What is needed is the run of lines from the one with "This aerial view" through the close of the data, set down exactly.
********
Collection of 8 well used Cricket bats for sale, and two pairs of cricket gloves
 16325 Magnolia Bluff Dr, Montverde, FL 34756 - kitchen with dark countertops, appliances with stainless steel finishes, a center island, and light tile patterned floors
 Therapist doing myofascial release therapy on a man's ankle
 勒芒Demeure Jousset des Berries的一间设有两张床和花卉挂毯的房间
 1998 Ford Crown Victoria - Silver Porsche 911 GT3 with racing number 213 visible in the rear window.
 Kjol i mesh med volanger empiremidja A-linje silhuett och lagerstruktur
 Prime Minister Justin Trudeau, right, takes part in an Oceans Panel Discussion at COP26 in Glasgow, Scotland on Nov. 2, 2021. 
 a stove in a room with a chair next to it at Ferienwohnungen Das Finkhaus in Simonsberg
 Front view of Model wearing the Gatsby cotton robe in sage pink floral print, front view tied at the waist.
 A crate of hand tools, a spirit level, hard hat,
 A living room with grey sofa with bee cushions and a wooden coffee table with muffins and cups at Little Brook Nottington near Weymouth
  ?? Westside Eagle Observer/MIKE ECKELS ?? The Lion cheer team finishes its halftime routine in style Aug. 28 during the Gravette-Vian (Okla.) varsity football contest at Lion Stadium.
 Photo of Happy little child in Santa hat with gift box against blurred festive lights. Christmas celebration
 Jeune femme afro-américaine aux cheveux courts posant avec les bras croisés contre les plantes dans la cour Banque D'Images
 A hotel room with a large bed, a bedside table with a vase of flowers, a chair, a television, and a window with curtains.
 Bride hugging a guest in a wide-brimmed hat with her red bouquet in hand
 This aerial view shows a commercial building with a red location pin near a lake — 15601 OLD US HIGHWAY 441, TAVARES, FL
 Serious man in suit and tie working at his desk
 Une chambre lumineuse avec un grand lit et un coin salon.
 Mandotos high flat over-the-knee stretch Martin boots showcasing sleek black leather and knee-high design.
********
* **EXERCISE ANSWER**:
 This aerial view shows a commercial building with a red location pin near a lake — 15601 OLD US HIGHWAY 441, TAVARES, FL
 Serious man in suit and tie working at his desk
 Une chambre lumineuse avec un grand lit et un coin salon.
 Mandotos high flat over-the-knee stretch Martin boots showcasing sleek black leather and knee-high design.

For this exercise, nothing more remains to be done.